Ataque de clonagem de celulares

Um funcionário do DHS, em condição de anonimato, informou que um colega experiente em vigilância foi enviado para Portland. O propósito seria extrair informação dos telefones dos manifestantes. A força-tarefa interagência teria usado ainda um sofisticado ataque de clonagem de celulares – cujos detalhes permanecem confidenciais – para interceptar as comunicações dos manifestantes. A clonagem de celulares envolve o roubo de identificadores exclusivos de um telefone e sua cópia para outro dispositivo. Assim é possível interceptar as comunicações recebidas pelo dispositivo original. Isso faz parte do que chamou de operação de “Interceptação de Voz de Baixo Nível”. “Você está tendo uma visão interna de seus alvos: quem são, com quem estão falando – a hierarquia”, disse o ex-oficial de inteligência.

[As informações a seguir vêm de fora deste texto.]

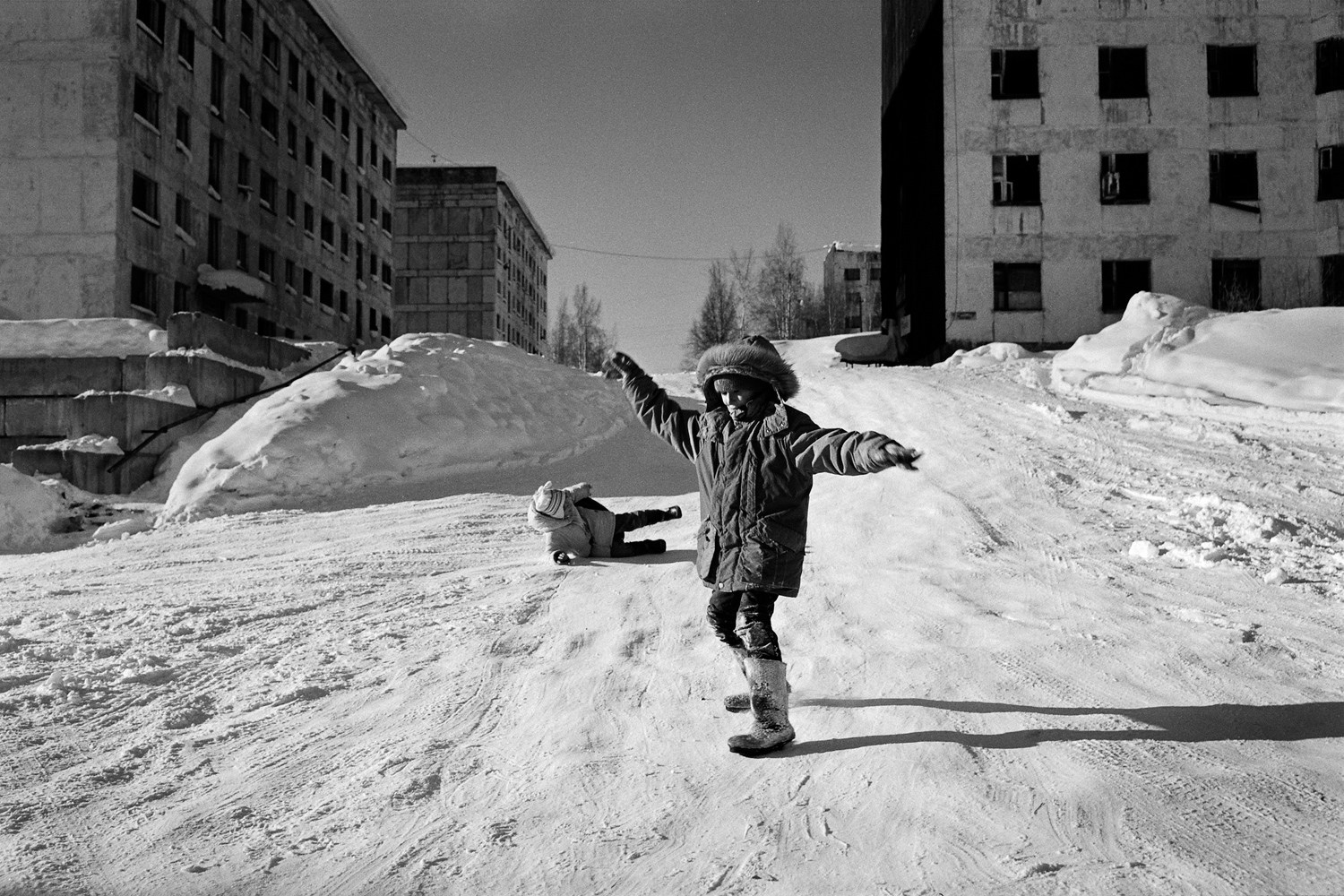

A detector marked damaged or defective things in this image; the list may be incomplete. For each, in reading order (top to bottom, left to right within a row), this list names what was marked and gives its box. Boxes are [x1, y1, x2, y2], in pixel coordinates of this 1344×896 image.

broken window [989, 48, 1038, 99]
broken window [1102, 47, 1145, 99]
broken window [1210, 45, 1258, 96]
broken window [1317, 37, 1339, 95]
broken window [989, 158, 1038, 208]
broken window [1097, 152, 1150, 203]
broken window [1210, 152, 1258, 205]
broken window [1317, 144, 1339, 200]
broken window [995, 263, 1043, 311]
broken window [1097, 260, 1150, 314]
broken window [1210, 257, 1258, 314]
broken window [1322, 254, 1344, 306]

De acordo com ele, muitos dentro do DHS acreditam, assim como diz o presidente Donald Trump, que o antifa é um grupo organizado – ao contrário do que defende a maioria dos especialistas, incluindo o próprio diretor do FBI. O procurador-geral William Barr, por exemplo, já afirmou recentemente que o antifa está recebendo patrocínio estrangeiro, ainda que não tenha apresentado qualquer comprovação. Este seria um critério necessário para designar formalmente o movimento como uma organização terrorista. É isso que vem prometendo fazer Trump, desde julho.

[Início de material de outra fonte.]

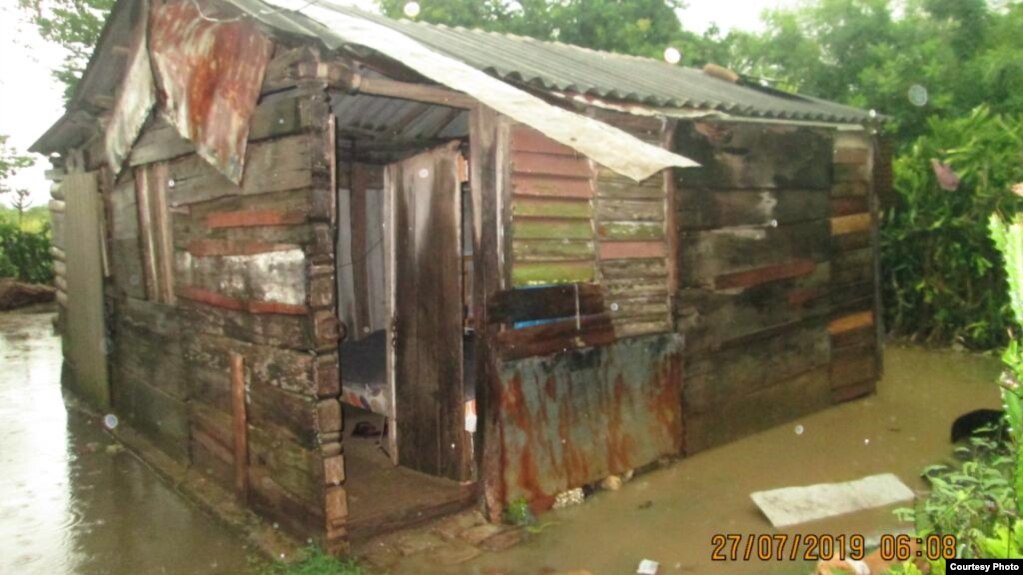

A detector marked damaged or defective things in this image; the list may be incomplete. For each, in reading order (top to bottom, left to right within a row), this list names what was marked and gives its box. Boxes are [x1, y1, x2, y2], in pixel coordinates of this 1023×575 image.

rusty corrugated sheet [104, 7, 156, 176]
rusty corrugated sheet [149, 0, 274, 184]
broken roofing [236, 0, 876, 125]
rusty corrugated sheet [494, 332, 680, 508]
rusty tin wall [498, 332, 684, 508]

“A coleta de inteligência de sinais não seria útil para prevenir saques oportunistas ou confrontos violentos. Isso pressupõe a existência de atividades coordenadas, propositadas e ilegais conduzidas por meios eletrônicos”, disse Steven Aftergood, que chefia o Projeto da Federação de Cientistas Americanos sobre Sigilo Governamental. “A preocupação geral é que o DHS tratou os protestos públicos em massa – não apenas indivíduos violentos –  como suspeitos e alvos de investigação, ou pior”, diz. Já um dos ex-agentes vai além: “Quando o presidente faz o tipo de declaração que faz, você sabe que tem a aprovação tácita. Você só precisa de uma piscadela de seu supervisor.”